TASK DETAILS ▸ Keep the wording of every entry intact in your copy, and omit the pictures.

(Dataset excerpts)
====

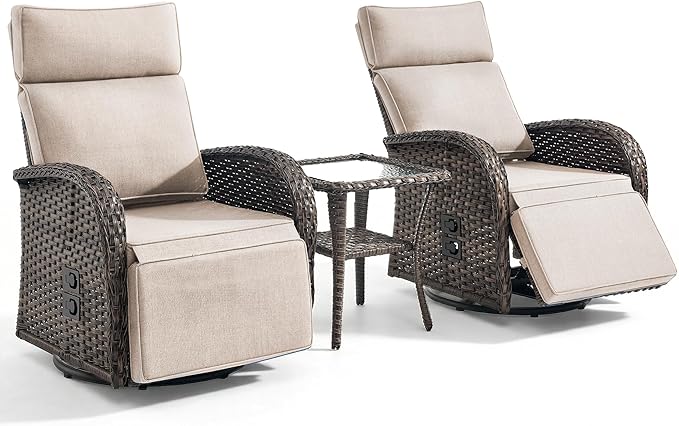 3 Pieces Zero Gravity Patio Swivel Rocking Recliner Chairs Set of 2 - Image 7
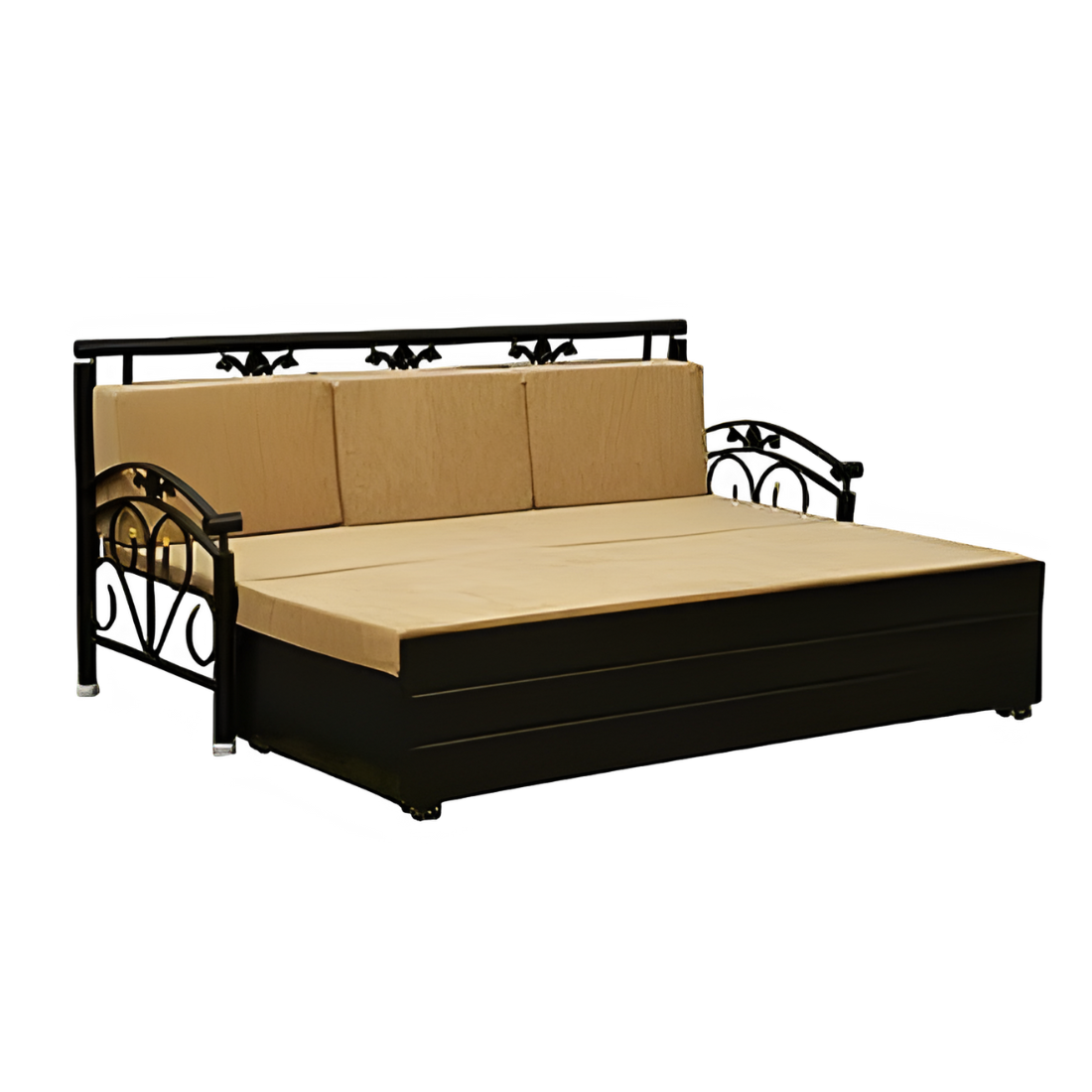 Black Sofia Hydraulic Storage Metal Sofa Cum Bed with Mattress & Pillow (Color - Camel)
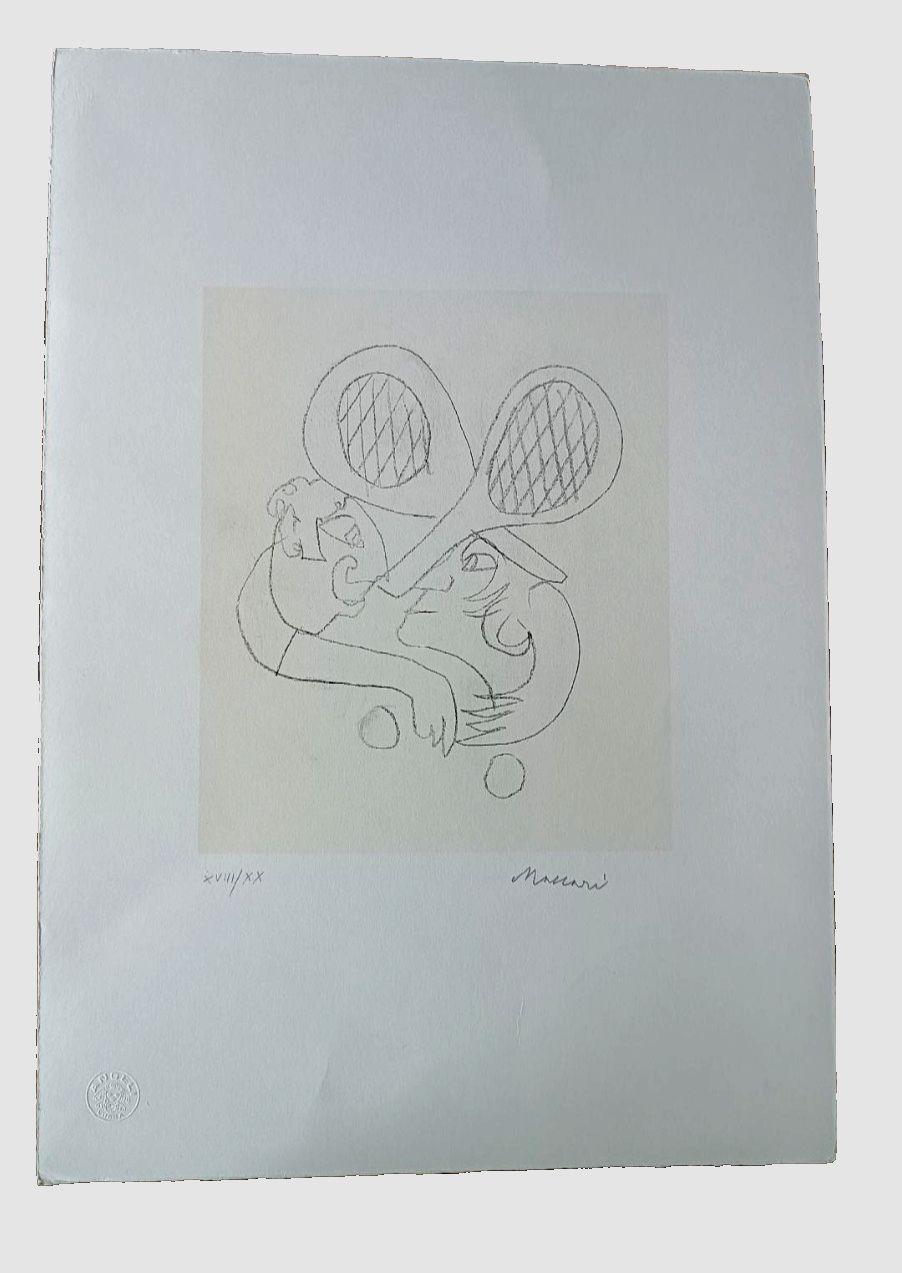 2 Lithographs Numbered And Signed Mino Maccari With Stamp Angels Lucca 5 photo furniture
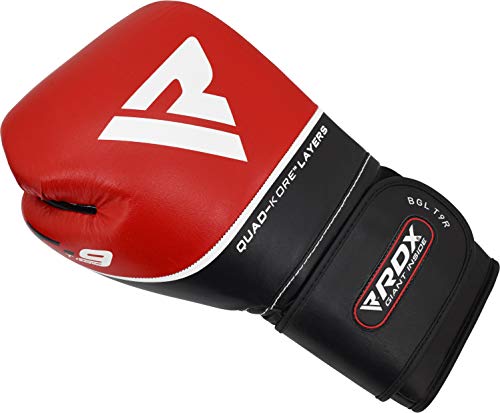 RDX Cow Hide Leather Gel Boxing Glove Punching Bag Mitts Muay Thai T9 - Blue, 16 oz, Blue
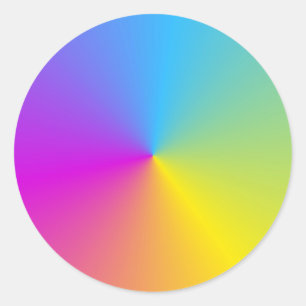 Pegatina Redonda Rosa Rojo Purpura Amarillo Naranja Azul Verde Pers
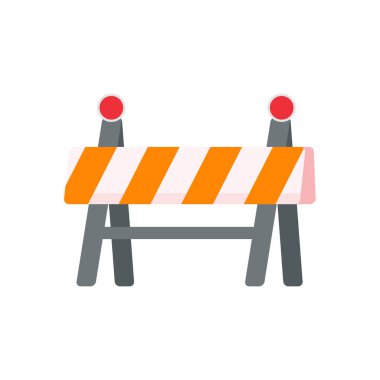 Safety barriers, road repair lines, construction warning signs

====

COMPLETED TASK ▸
 3 Pieces Zero Gravity Patio Swivel Rocking Recliner Chairs Set of 2 - Image 7
 Black Sofia Hydraulic Storage Metal Sofa Cum Bed with Mattress & Pillow (Color - Camel)
 2 Lithographs Numbered And Signed Mino Maccari With Stamp Angels Lucca 5 photo furniture
 RDX Cow Hide Leather Gel Boxing Glove Punching Bag Mitts Muay Thai T9 - Blue, 16 oz, Blue
 Pegatina Redonda Rosa Rojo Purpura Amarillo Naranja Azul Verde Pers
 Safety barriers, road repair lines, construction warning signs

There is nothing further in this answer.